Creating a website that is easy to use and navigate is crucial for your small business’s online presence. If your site isn’t optimized for your target audience, you’re likely missing out on many conversions. After all, if your customers can’t find what they’re looking for or have trouble using your site, they’re likely to click away and look elsewhere.
Usability testing is a method of evaluating a website by testing it with real users to identify potential issues or problems that users may encounter, such as difficulty navigating, understanding the content or completing tasks. You can then use this information to make improvements to the site, making it more user-friendly and easy to use.
Ready to start optimizing your site with usability testing? Here’s how:
Define Your Goals
Before conducting usability testing, it’s essential to define your goals and objectives to determine what aspects of your site you want to test and how you’ll measure the test’s success. To define your goals, consider what aspects of your website are most important to your business. Are you trying to improve the user experience for a specific task, such as making a purchase or filling out a contact form? Are you trying to increase engagement with specific content or features?
Narrow the scope of your investigation to a handful of key areas, then set specific and measurable goals to help you objectively evaluate the success of your usability testing.

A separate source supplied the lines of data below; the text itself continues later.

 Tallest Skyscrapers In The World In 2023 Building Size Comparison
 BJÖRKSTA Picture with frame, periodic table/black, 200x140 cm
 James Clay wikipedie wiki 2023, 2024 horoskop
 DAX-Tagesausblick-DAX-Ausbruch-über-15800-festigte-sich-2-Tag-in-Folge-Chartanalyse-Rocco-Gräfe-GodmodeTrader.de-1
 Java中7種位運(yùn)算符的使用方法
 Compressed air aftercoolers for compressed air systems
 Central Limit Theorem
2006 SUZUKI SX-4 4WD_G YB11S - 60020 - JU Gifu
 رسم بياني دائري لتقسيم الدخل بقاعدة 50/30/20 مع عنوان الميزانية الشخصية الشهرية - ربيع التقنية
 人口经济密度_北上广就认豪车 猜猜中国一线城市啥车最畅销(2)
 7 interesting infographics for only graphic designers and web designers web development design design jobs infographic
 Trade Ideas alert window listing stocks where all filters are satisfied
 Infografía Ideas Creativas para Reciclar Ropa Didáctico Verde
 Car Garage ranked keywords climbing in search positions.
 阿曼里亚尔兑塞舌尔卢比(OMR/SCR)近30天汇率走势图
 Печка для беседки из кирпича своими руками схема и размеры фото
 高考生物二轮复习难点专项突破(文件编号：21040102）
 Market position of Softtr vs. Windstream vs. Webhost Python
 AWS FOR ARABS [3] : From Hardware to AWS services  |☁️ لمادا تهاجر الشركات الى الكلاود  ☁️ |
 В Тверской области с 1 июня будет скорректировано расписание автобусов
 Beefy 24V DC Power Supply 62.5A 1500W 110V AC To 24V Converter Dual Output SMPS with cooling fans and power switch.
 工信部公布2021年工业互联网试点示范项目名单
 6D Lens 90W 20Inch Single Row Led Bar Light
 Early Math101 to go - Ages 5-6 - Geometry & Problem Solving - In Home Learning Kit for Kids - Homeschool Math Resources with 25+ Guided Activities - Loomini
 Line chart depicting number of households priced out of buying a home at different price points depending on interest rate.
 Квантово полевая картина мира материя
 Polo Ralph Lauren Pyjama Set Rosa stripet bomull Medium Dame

For example, you might set a goal to reduce the number of clicks needed to navigate from your homepage to checkout by 20%. Your goal should be something that will ultimately make the customer experience smoother and increase your site’s conversion rate.
Choose a Testing Method
There are many ways to go about conducting your test, but for a small business owner, remote and self-guided testing may be the most cost-effective option. One major benefit of remote testing tools like UserTesting and Lookback is the option to either recruit your own participants or tap into their global networks of thousands of test participants, making it easier to find testers who fit your target audience profile. Many of these platforms will also walk you through setting up your test and can help guide you through the process.
A self-guided test, on the other hand, could be as simple as watching a few friends or colleagues interact with your website to see where they have difficulty or struggle. However, it’s important you recruit test participants that are representative of your business’s target audience. While your 13-year-old nephew might be an excellent tester for many websites, odds are he isn’t an accurate reflection of your customer base if you run, say, a life insurance company or a boutique for maternity clothes. Consider the age, gender, and other relevant demographics of your current customers to ensure that your results will accurately represent the experience of your potential customers.
Prepare Your Test Script
Before your test, prepare a test script with specific tasks for participants to complete on your website. These tasks should align with the goals you set earlier and simulate the types of actions that a customer might take when using your website, such as “Use the form to request a quote” or “Use the booking tool to make a reservation.” Remember that the participants are not experts on your website and might need help understanding what you expect them to do, so be prepared to offer guidance and adjust your tasks accordingly.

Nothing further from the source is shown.